Beckwith smiled and shook his head. As he climbed the ladder out of the The Cooler, as they called the room, he shook his head.

Beckwith walked to the rear of the vessel and looked over the chrome stanchion. The calm waters reflected the golden hues of the setting sun. He pulled the secure satellite phone from his pocket and dialed his good friend Jack Venzetti, or Jack Johnson, owner of Jack Johnson Laboratories. JJL was on the verge of delivering a drug that would delay the onset of AIDS in patients with HIV, perhaps forever. Beckwith had invested in the lab and was a member of their board of directors.

Beckwith was not an impatient man and considered himself a professional, but he needed an update. Certainly he expected goods to be delivered in accordance with an established timeline. He understood that there was little in-transit visibility, as his logisticians called it, on this particular operation. That was to be expected on a mission that was taking place across vast stretches of a country, if not a continent.

“Jackie V,” he said into his satellite phone. “Did I wake you?”

Johnson’s voice was gruff, as if he was either drinking or emerging from a deep sleep. Then again, it was evening in the Indian Ocean, Beckwith had just watched a beautiful sunset, which made it about noon in Suffolk, Virginia.

“Beck, what do you need?” Johnson asked.

“Just wondering about our endeavor.”

“I’ll call you when I’ve got something,” Johnson said. “He just got there today.”

“I was hoping for more than that,” Beckwith said, his voice smooth. His criticism was not in his tone; rather, it was implied.

“He’s a young guy. He knows this girl. He’ll get the job done,” Johnson said.

Beckwith remembered the full-motion video of the four fugitives crossing the Serengeti. Could the white kid be Johnson’s guy?

“Let’s hope he’s good,” Beckwith said and hung up.

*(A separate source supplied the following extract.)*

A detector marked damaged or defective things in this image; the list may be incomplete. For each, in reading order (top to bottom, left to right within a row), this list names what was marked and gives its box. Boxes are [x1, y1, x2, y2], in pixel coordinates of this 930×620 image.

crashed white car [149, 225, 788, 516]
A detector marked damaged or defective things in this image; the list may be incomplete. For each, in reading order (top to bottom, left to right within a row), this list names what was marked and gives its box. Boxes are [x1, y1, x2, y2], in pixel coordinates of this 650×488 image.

His partnership with Jack Venzetti Johnson had been born thirty-five years earlier at Fordham University. Venzetti had met his match in Beckwith, an equally enterprising entrepreneur who not only had a radio station but also competed with him in the bookmaking department. Beckwith had beaten Jack Venzetti in a million-dollar bet on the Army-Navy game. Venzetti, abandoned by his Mafia connections after the loss, hadn’t been able to pay the entire tab. As part of his payment, Venzetti had turned over to Beckwith the deed for a defunct aspirin-making facility. Over time, Beckwith had enslaved and then mentored Venzetti from hapless ex-Mafia kid on the run to a rising star in the pharmaceutical business.

Beckwith had told him, “Lose the name. Get something normal, like Johnson.” So Jack Venzetti had become Jack Johnson, and Beckwith had created a legitimate drug-making enterprise in the process with his indentured servant as its leader.

Standing on the bow of his ship, Beckwith looked out at the blue-green sea that spread before him like a fluttering sheet in the wind and thought about that day. He had taken that opportunity and parlayed it all into what he was doing right now. Everything else he had achieved would appear meaningless next to this. Immediately after Rachman had identified the Book of Catalyst email, he’d had his private contractors kill Aktar and, later, Akunsada in Egypt. His severe disappointment had been that the men had not returned with the original document.

Yet the copies had served him well, and with the help of interpreters and cultural anthropologists, all sworn to secrecy on binding nondisclosure statements, he finally understood the meaning of the fabled Book of Catalyst.

Standing there, stiff wind pushing against his face, the air was pungent with the smell of the sea. Questions ran through his mind. What is it that everyone seeks ? What is it that captures the imagination of all of mankind? He visualized the four-person party racing across the Serengeti Plain toward the Olduvai Gorge with a cooler full of Ebola and HIV cures and vaccines.

His hands formed a temple under his chin, and he whispered into the wind, “To live forever.”

And he believed the Book of Catalyst and Amanda Garrett would soon show him how to achieve that goal.